FILE Virginia Gov. Terry McAuliffe (D) on Tuesday ordered state officials to issue regulations that would reducethe state’s carbon emissions. (Steve Helber/AP)

Virginia Gov. Terry McAuliffe (D) ordered state officials Tuesday to create regulations that will reduce carbon emissions from power plants and emphasize clean energy sources such as solar, a plan similar to the federal policy that President Trump has threatened to rescind.

McAuliffe, hoping to have new rules in place before he leaves office in January 2018, said states cannot wait any longer for the federal government to act, especially when the sea-level rise predicted in coastal communities as a result of global warming is already threatening Hampton Roads.

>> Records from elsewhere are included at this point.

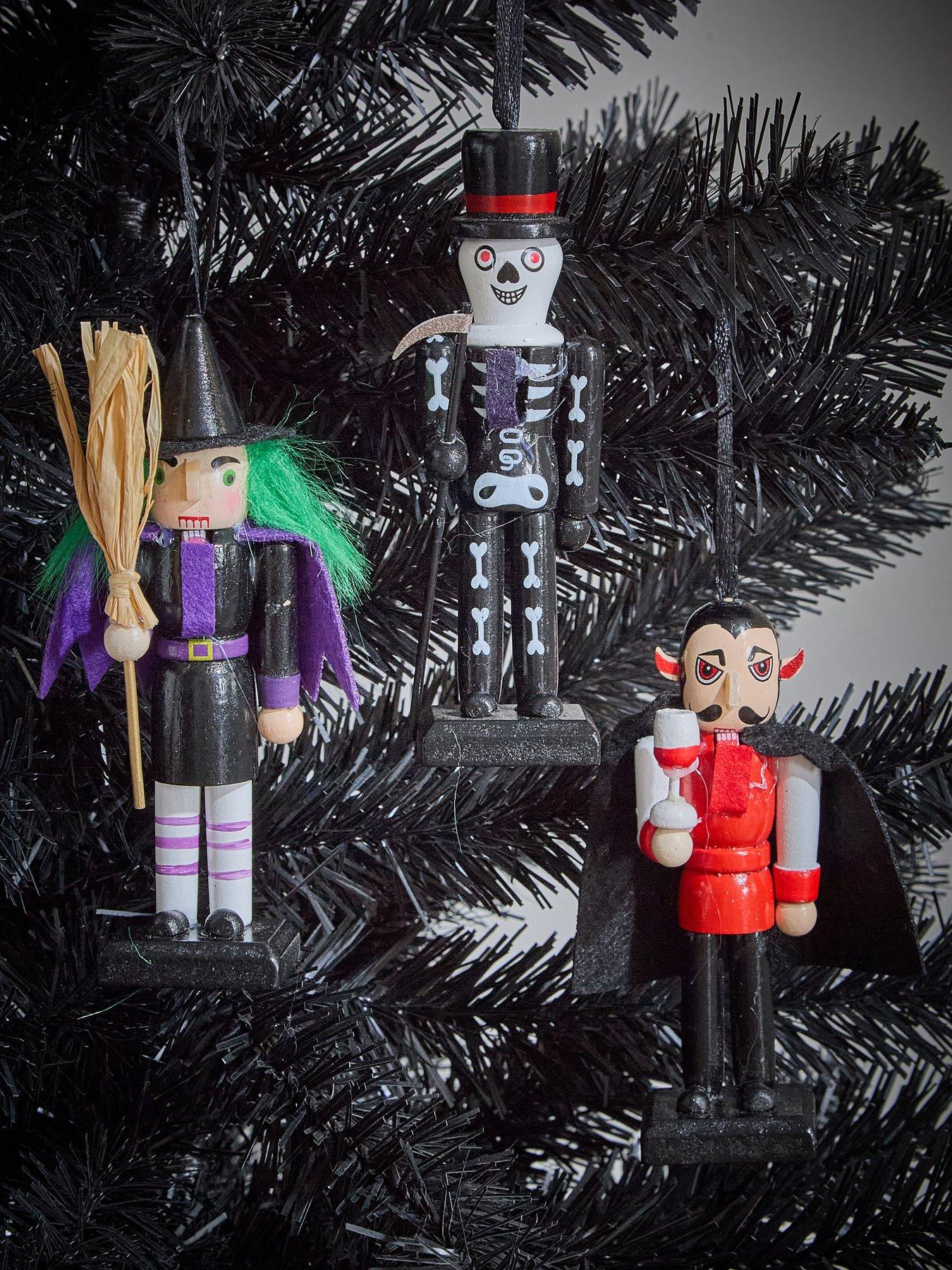 Hocus Pocus Set of 3 Wooden Nutcracker Halloween Characters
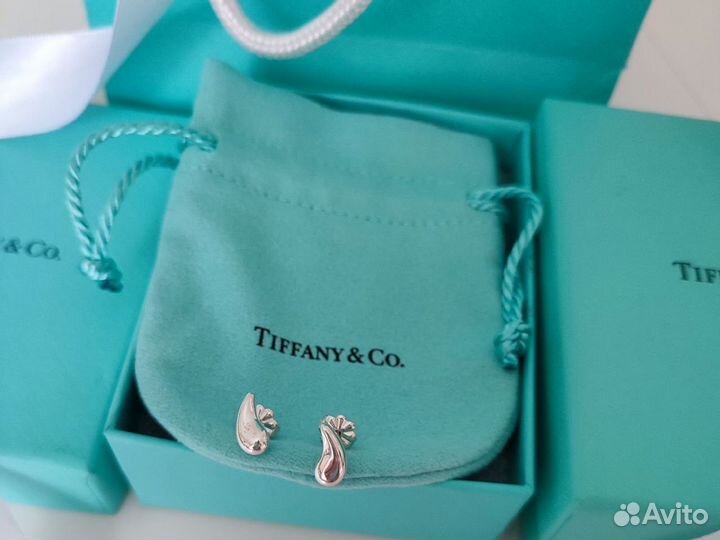 Tiffany Серьги Оригинал Новые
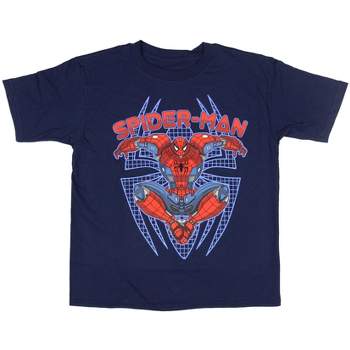 Marvel Boys Avengers Mech Strike Spider-Man Superhero Kids T-Shirt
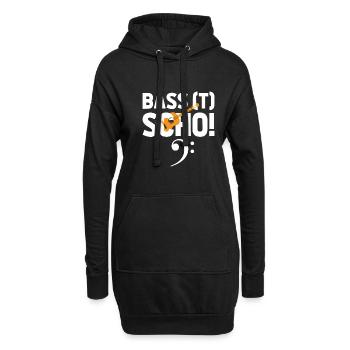 Das wird schon passen Chor - Hoodie-Kleid - Schwarz - Vorne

Half of Virginia’s inland counties face increased risk of water shortages in the next 30 years because of climate change, he said.

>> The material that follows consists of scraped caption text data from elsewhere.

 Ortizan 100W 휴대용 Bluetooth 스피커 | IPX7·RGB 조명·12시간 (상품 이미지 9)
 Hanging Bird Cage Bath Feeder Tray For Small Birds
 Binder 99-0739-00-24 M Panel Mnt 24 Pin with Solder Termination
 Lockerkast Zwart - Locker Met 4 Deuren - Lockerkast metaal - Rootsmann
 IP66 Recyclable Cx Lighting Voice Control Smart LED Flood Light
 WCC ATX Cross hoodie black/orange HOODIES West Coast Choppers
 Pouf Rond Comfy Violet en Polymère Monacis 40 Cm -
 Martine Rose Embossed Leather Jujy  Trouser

“I wish we had a national standard,” McAuliffe said after signing the directive at an event at Alexandria’s water treatment plant. “But Virginia cannot and will not stand idly by while the federal government abdicates its role.”

His action has the potential to alter the national dialogue on climate change, said Walton Shepherd, a senior staff attorney for the Natural Resources Defense Council.

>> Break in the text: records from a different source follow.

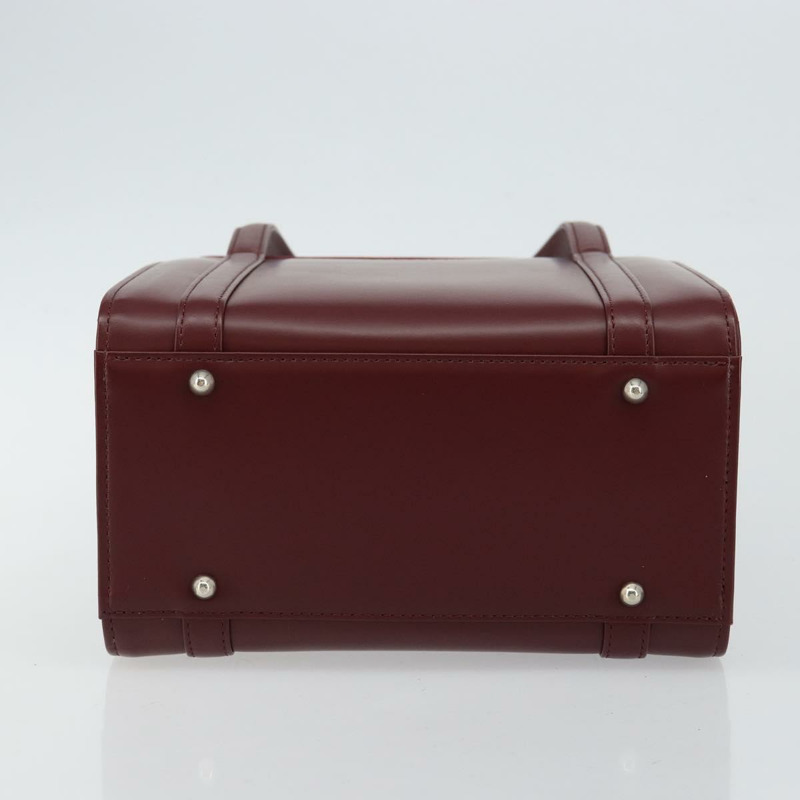 【日本直送】BURBERRY 手提包 皮革 波爾多銀色 正品 sw1572-4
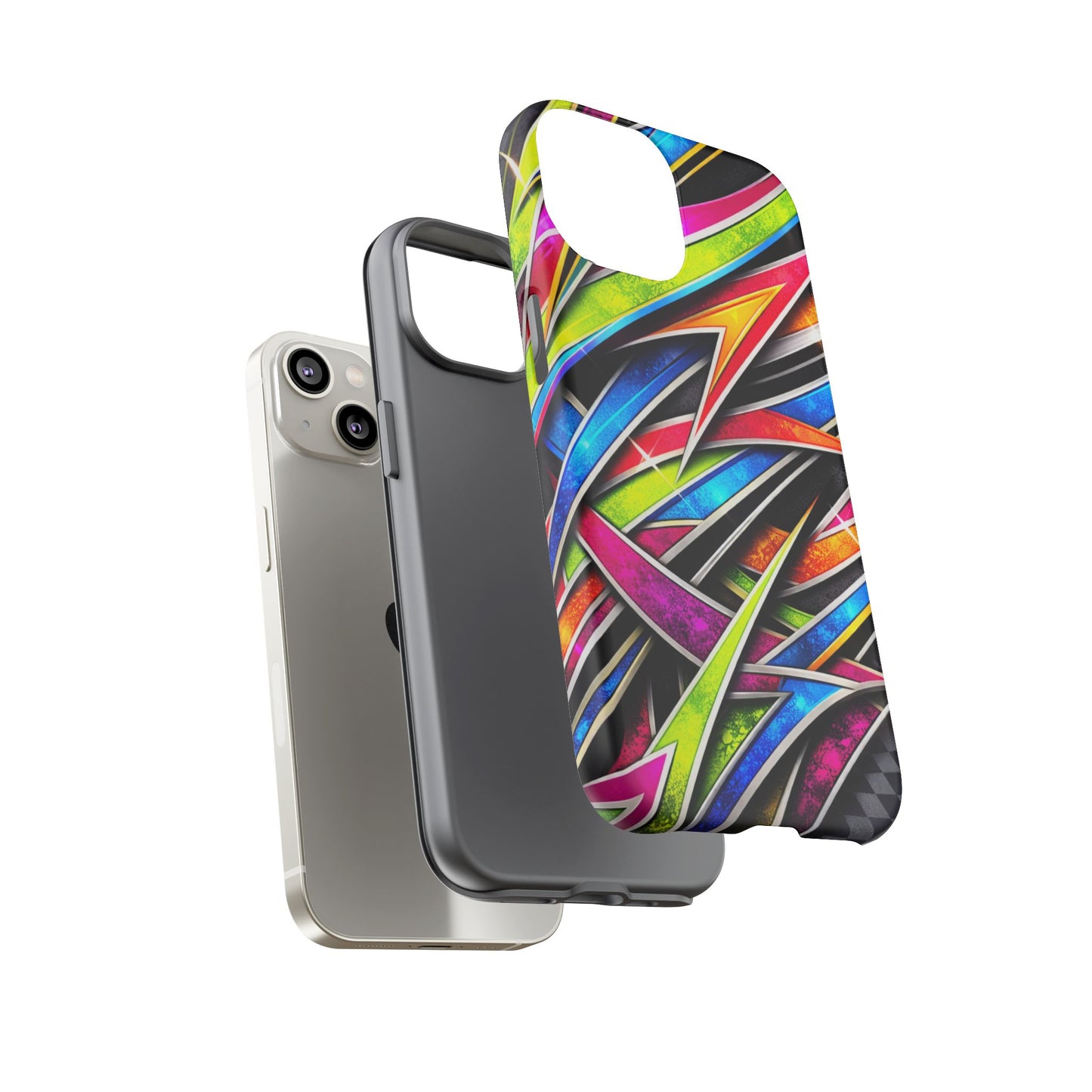 Minitruck Inspired Graphic Tough Phone Case – Impact Resistant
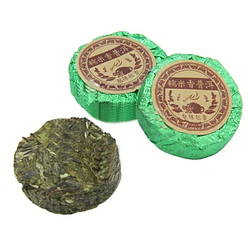 Пресований Пуер витриманий 30 років ШЕН "Гурман" з рисом 6 г Османтус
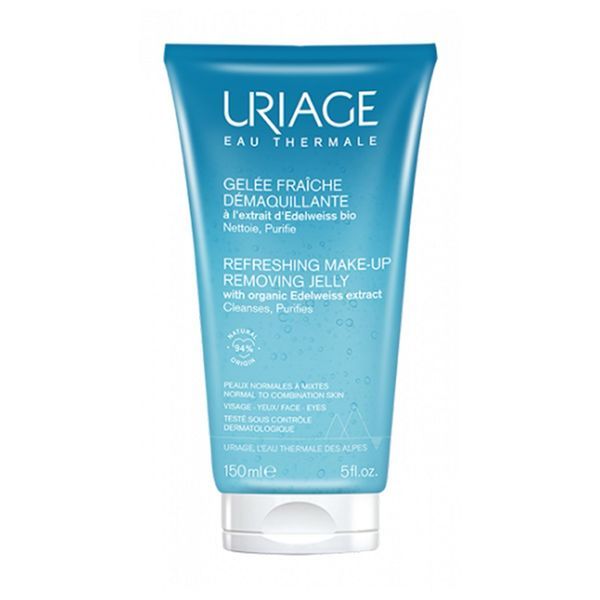 URIAGE GELEE FRAICHE DEMAQUILLANTE Gelée fraîche démaquillante à l'extrait d'edelweiss bio, tube 150 ml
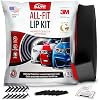 All-Fit Automotive 3.5 Inch Universal Bumper Lip Splitter Kit - Chin Spoiler Protector for Front or Rear - Lips Protect and Cover Lower Bumper for a Dropped Look - Universal Fit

“This will be enough when other states follow Gov. McAuliffe’s lead and cut their carbon as well,” he said. A 2.5 percent reduction in carbon emissions annually over the next dozen years would result in a significant drop, he noted. “If other states get involved, that will drive significant enough changes to honor our international agreements.”

The Chesapeake Climate Action Network issued a report last year that gave McAuliffe a grade of D+ on carbon pollution and clean power. But its director, Mike Tidwell, on Tuesday called McAuliffe’s order “very compelling” and argued that McAuliffe should now drop his support for offshore drilling and gas pipelines from West Virginia.

“It looks like the governor, although very late in his administration, has pulled together a regulatory approach that could make a real difference,” Tidwell said. “This has the potential to be a really big deal.”

McAuliffe’s plan sparked immediate pushback from Republicans.

House Speaker William J. Howell (R-Stafford) called McAuliffe’s action “a broad assertion of regulatory authority, Washingtonesque in both its nature and scope. The governor is attempting to implement a failed national policy in the commonwealth that will further hamper economic growth at a time when we desperately need policies to get Virginia moving again.”

Howell said McAuliffe is ignoring the legislative process with his directive, and he will “take every action necessary” to ensure that major policy changes go through the General Assembly.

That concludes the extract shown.